El estalinismo, aunque también fue un fenómeno autoritario y contrarrevolucionario, no respondía a los intereses del capital privado, sino a los de una burocracia surgida de una revolución que expropió al capitalismo. Su represión se dirigió principalmente contra la clase obrera y contra toda expresión política independiente.
Además, desarrolló formas de opresión nacional, con casos de persecución a nacionalidades a lo interno de la URSS, así como en los territorios que ocupó. Por ejemplo, es conocido el terrible caso del “Holodomor” en Ucrania, donde millones de personas murieron por el hambruna que desató el estalinismo a inicios de los años treinta.
Al respecto, Roberto Sáenz, señala que “homologar ambos fenómenos bajo el sello común de ´totalitarismo` oscurece estas diferencias cualitativas y constituye un operativo político espurio que intenta igualar los avatares de la revolución socialista, sean cuales fueren, con la más brutal contrarrevolución burguesa que haya vivido la humanidad”.
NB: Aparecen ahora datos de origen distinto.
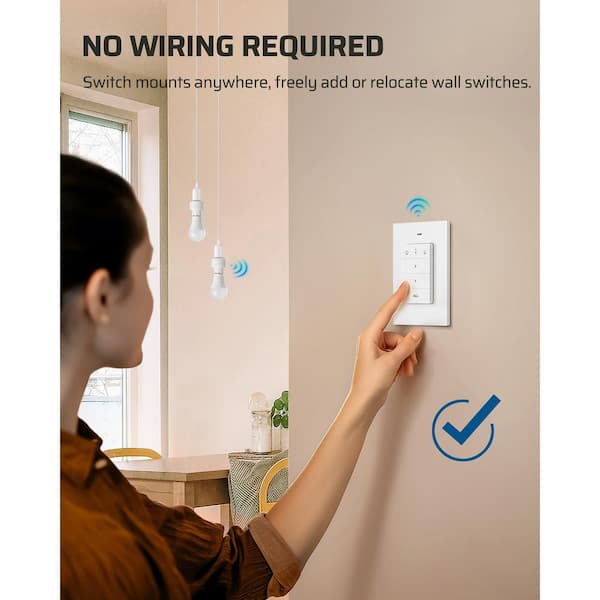 120-Volt Wireless Remote Control Lamp Bulb Socket for Pull Chain Light Fixtures(1 Wall Mounted Controller+2 Socket)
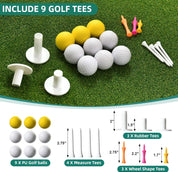 5x4FT Professional Golf Hitting Mat - 31mm Thickened Artificial Turf for Indoor/Outdoor Practice | Includes 9 PU Balls, 3 Rubber Tees & 7 Adjustable Tees | Driving & Swing Training Mat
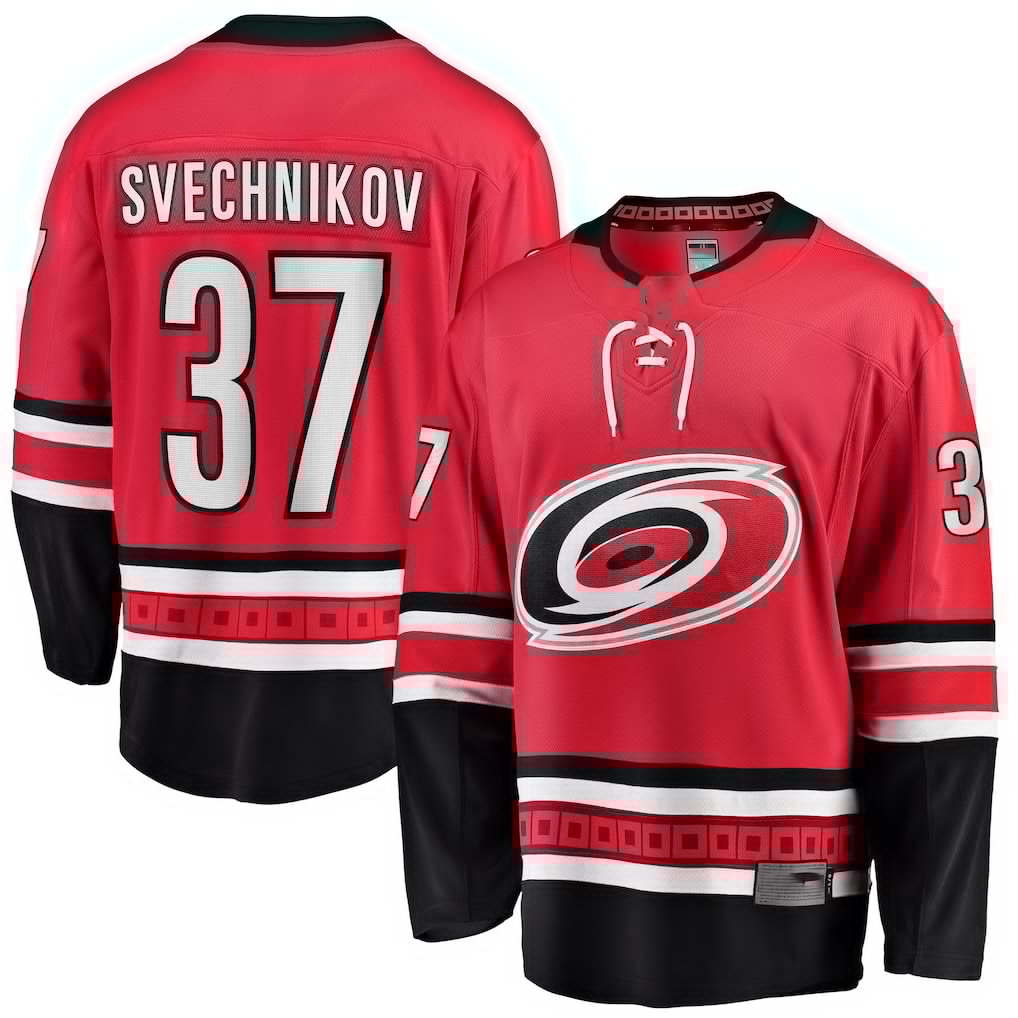 Johmsee C.Hurricanes #37 Andrei Svechnikov Red Alternate Breakaway Player Stitched Jerseys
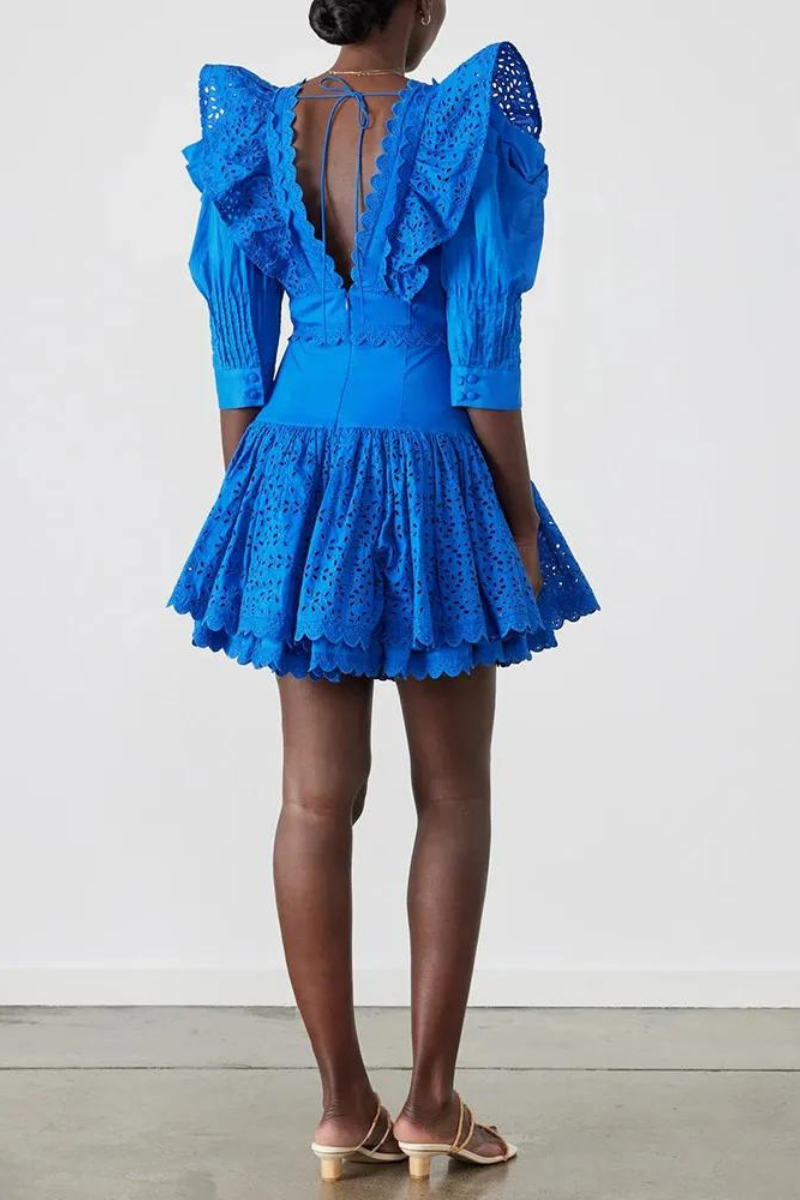 Rosalía® | Backless Mini Dress With Ruffles And A Plunging Neckline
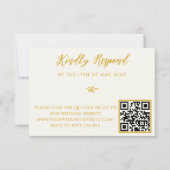 Whimsical Wildflower QR Code Huwelijks RSVP Reacti Kaartje (Voorkant)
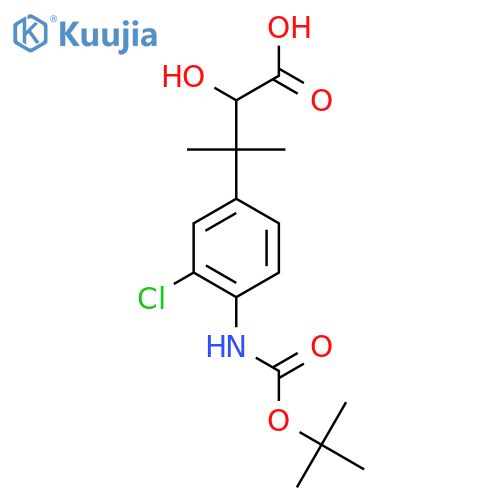 3-(4-{(tert-butoxy)carbonylamino}-3-chlorophenyl)-2-hydroxy-3-methylbutanoic acid structure
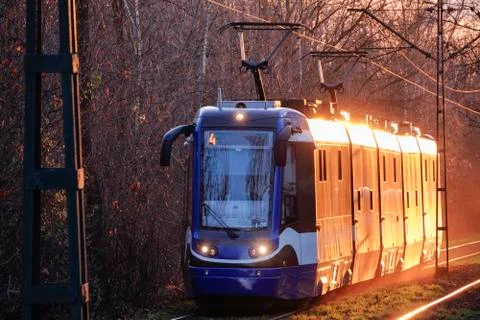 City trams in the rays of the sunset soft bright back-light sun, glare on the Stock Photos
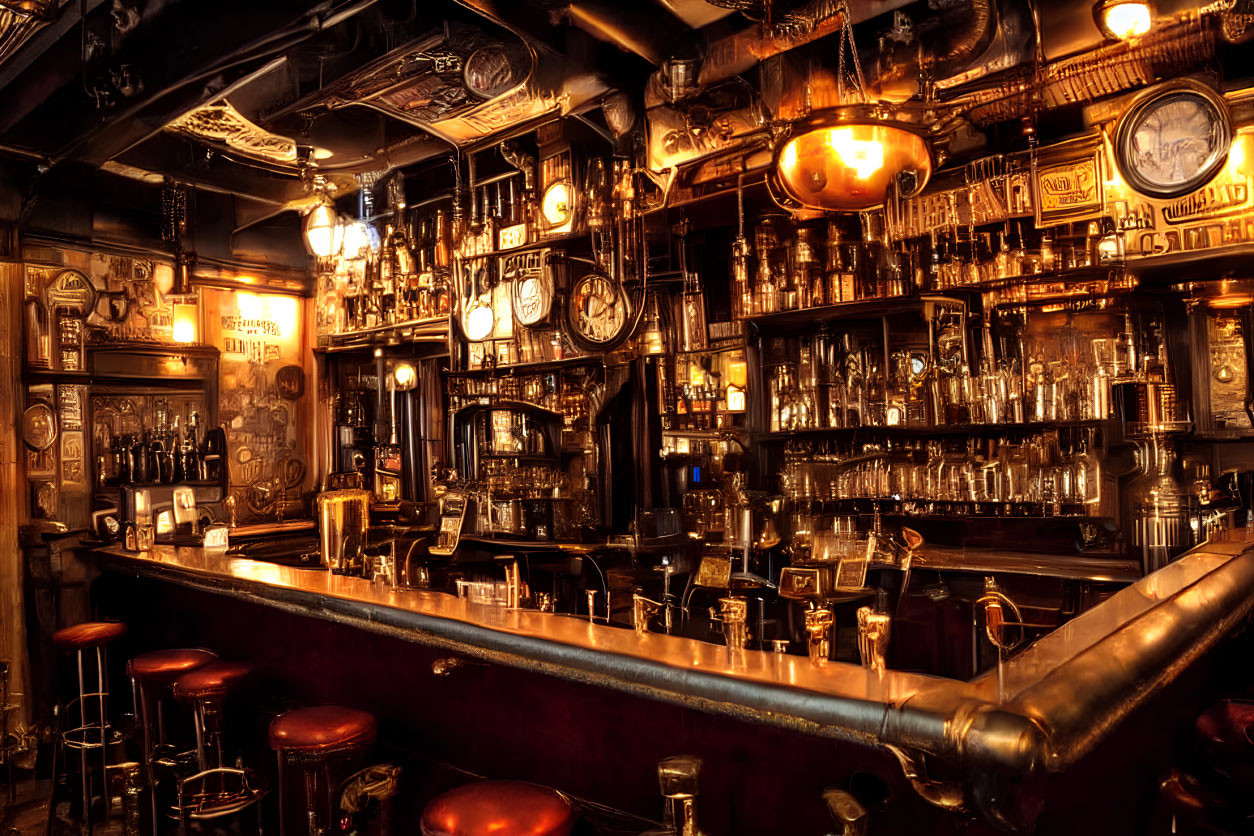 Vintage bar with wooden stools, shelves of bottles, antique clocks, warm lighting.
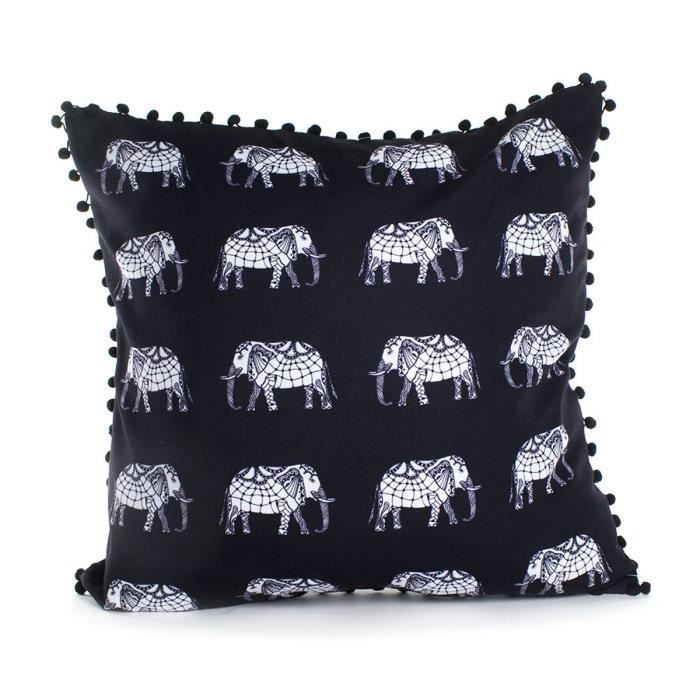ANDORA Coussin déhoussable ELMER Petits Elephants 45x45 cm noir et blanc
En este sentido, aunque ambos regímenes compartieron formas autoritarias de poder, su naturaleza social y sus objetivos eran distintos. El nazismo surgió como una expresión política en medio de un sistema capitalista en crisis, mientras que el estalinismo representó la degeneración burocrática de un Estado que nació de una revolución obrera. Equipararlos como si fueran idénticos no sólo es históricamente inexacto, sino que también sirve para atacar cualquier perspectiva socialista confundirla con el estalinismo y, por reflejo, equipararla como una forma de “totalitarismo” similar al nazismo.
Una herramienta autoritaria
Estas medidas se presentan como una defensa de la democracia, pero aclaremos que se trata de la democracia burguesa, es decir, la de los capitalistas que no tienen ningún reparo en no ser tan democráticos con los sectores que critican al sistema.
La equiparación del comunismo con el nazismo es una manipulación destinada a desacreditar cualquier alternativa que busque transformar la estructura social y económica que perpetúa la explotación y la desigualdad.
Estas prohibiciones deben entenderse como parte de una deriva autoritaria más amplia. En un contexto de crisis económica, aumento de la precariedad y descontento social, las élites políticas y económicas temen que las ideas revolucionarias (o de lucha en general) recuperen fuerza.
Por eso recurren a la criminalización del comunismo, no solo para silenciar a los partidos que lo reivindican, sino para lanzar un mensaje intimidatorio contra todo movimiento social que desafíe el statu quo. Esta ofensiva no protege a la sociedad de ninguna amenaza, sino que prepara el terreno para reprimir la protesta, desarticular a los sindicatos y debilitar a las organizaciones populares.
Oponerse a estas medidas no significa justificar los crímenes de las burocracias estalinistas, sino reivindicar la posibilidad de una lucha revolucionaria por la emancipación social que se aleje del desastre soviético burocrático. Hay que denunciar que esta criminalización es una forma de represión y censura que busca clausurar el debate político y proteger los privilegios de las minorías que dominan la economía y los Estados.
Frente a este panorama, la tarea urgente es reconstruir una alternativa revolucionaria que se enfrente al capitalismo y al autoritarismo, y que reivindique los valores genuinos de la revolución socialista con miras a una sociedad comunista. Además, es fundamental hacer un balance a fondo de la contrarrevolución estalinista, como parte de las tareas para relanzar la lucha por el socialismo revolucionario en el siglo XXI.